9.1 Amendment. The Board reserves the right to amend, modify or terminate the Savings Restoration Plan and the ESOP Restoration Plan at any time; provided, however, no such action will reduce the amounts then credited to any Participant’s Account, without the consent of the Participant, if living, or the Participant’s designated beneficiary or beneficiaries, if the Participant is not living.

 

ARTICLE 10

MISCELLANEOUS

 

10.1 No Assignment. Neither the Company nor the Participant nor any beneficiary shall have the power to transfer, assign or encumber any amounts payable hereunder.

 

10.2 Tax Withholding. The Company shall have the right to withhold from any amounts payable hereunder any taxes or other amounts required by any governmental authority to be withheld.

 

10.3 Grantor Trust. The Company may establish a grantor trust to serve as a vehicle to hold such contributions as the Company may choose to make to pre-fund its obligations for benefits hereunder, but the trust shall be designed so that the Savings Restoration Plan and the ESOP Restoration Plan remain unfunded plans and a Participant’s rights to benefits under the Savings Restoration Plan and the ESOP Restoration Plan shall be those of an unsecured creditor of the Company.

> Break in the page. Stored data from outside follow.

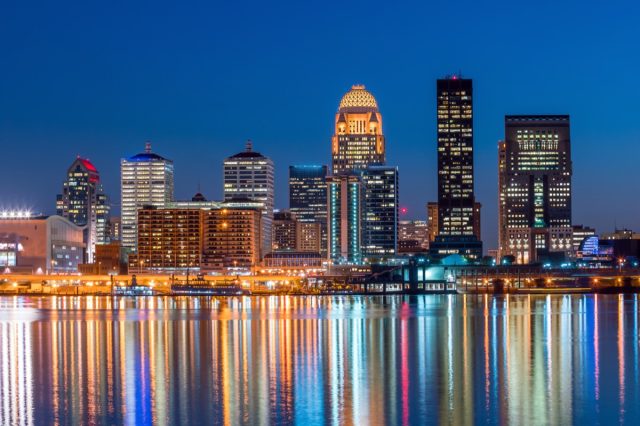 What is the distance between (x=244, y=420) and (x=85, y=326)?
54669mm

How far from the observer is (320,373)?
185 feet

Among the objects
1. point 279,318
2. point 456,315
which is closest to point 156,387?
point 279,318

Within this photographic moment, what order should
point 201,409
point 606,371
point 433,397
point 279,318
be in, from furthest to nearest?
point 279,318
point 606,371
point 433,397
point 201,409

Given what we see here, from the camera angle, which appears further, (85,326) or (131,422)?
(85,326)

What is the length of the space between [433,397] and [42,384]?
18.4 m

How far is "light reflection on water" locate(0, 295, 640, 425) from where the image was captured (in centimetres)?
4356

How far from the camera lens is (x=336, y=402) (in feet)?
151

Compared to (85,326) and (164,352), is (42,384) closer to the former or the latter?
(164,352)

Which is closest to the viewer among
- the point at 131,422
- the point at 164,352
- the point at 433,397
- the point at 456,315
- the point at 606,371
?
the point at 131,422

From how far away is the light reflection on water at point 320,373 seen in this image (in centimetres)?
4356

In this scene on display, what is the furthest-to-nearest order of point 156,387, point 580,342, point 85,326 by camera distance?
point 85,326 → point 580,342 → point 156,387

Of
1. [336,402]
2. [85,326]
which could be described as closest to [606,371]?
[336,402]

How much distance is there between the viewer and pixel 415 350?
225ft

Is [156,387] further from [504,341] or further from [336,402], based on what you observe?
[504,341] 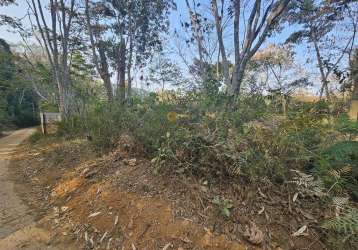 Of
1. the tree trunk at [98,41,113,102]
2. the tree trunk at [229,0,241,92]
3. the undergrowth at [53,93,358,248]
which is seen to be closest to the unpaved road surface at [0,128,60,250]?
the undergrowth at [53,93,358,248]

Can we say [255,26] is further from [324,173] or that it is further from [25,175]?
[25,175]

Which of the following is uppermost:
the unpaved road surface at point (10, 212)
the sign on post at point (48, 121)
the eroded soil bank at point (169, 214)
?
the sign on post at point (48, 121)

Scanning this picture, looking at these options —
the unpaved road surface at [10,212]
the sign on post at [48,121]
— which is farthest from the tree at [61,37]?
the unpaved road surface at [10,212]

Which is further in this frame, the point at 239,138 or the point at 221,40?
the point at 221,40

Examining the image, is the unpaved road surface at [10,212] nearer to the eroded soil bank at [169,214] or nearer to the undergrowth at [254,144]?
the eroded soil bank at [169,214]

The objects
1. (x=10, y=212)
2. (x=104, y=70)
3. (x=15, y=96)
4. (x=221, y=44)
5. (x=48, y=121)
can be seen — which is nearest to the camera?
(x=10, y=212)

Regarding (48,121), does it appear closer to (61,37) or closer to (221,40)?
(61,37)

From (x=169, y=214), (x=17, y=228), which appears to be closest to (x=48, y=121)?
(x=17, y=228)

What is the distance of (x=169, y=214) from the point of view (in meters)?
1.90

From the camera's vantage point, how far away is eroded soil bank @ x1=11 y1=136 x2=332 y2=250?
1658mm

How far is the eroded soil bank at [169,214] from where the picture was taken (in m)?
1.66

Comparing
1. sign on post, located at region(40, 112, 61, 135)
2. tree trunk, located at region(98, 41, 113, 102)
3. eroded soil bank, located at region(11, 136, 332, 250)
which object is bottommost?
eroded soil bank, located at region(11, 136, 332, 250)

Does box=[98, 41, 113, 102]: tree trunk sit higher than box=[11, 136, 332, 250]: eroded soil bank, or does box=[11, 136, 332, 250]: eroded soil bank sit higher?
box=[98, 41, 113, 102]: tree trunk

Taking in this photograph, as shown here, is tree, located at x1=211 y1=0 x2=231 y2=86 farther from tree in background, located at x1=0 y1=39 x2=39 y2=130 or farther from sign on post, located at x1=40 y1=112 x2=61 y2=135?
tree in background, located at x1=0 y1=39 x2=39 y2=130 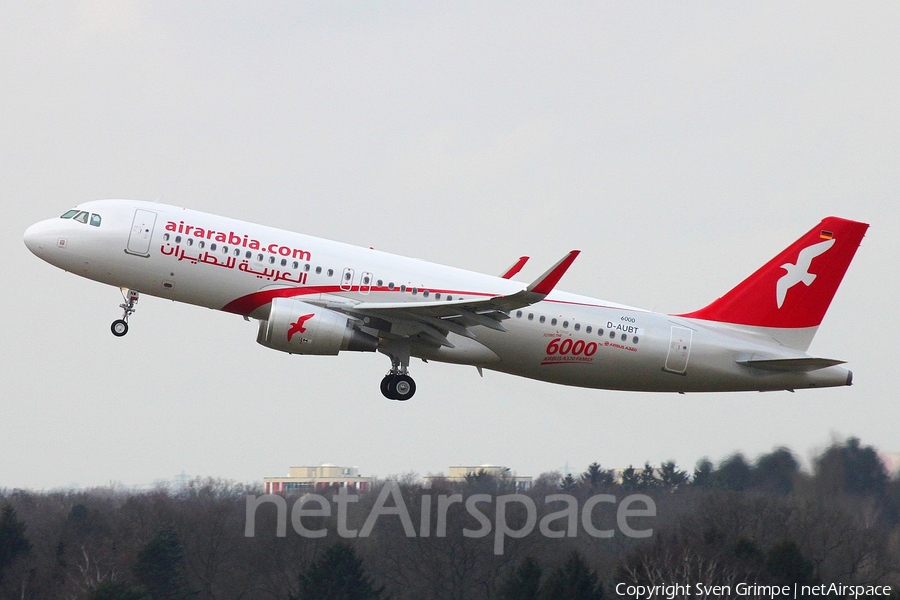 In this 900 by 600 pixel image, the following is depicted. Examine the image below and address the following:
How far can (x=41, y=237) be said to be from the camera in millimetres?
37750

10.4 Competency of Payees. Every person receiving or claiming payments under the Savings Restoration Plan and the ESOP Restoration Plan shall be conclusively presumed to be mentally competent until the date on which the Company receives a written notice, in form and manner acceptable to it, that such person is incompetent and that a guardian, conservator, or other person legally vested with the care of such person’s estate has been appointed. In the event a guardian or conservator of the estate of any person receiving or claiming payments under the Savings Restoration Plan and the ESOP Restoration Plan shall be appointed by a court of competent jurisdiction, payments may be made to such guardian or conservator provided that proper proof of appointment and continuing qualification is furnished in a form and manner acceptable to the Company. Any such payment so made shall be a complete discharge of any liability therefor.

 

10.5 No Right to Employment. Participation in the Savings Restoration Plan and the ESOP Restoration Plan, or any modifications thereof, or the payment of any benefits hereunder, shall not be construed as giving to the Participant any right to be retained in the service of the Company or its affiliates, limiting in any way the right of the Company or its affiliates to terminate the Participant’s employment at any time, evidencing any agreement or understanding, express or implied, that the Company or its affiliates will employ the Participant in any particular position or at any particular rate of compensation and/or guaranteeing the Participant any right to receive a salary increase in any year, such increase being granted only at the sole discretion of the Board.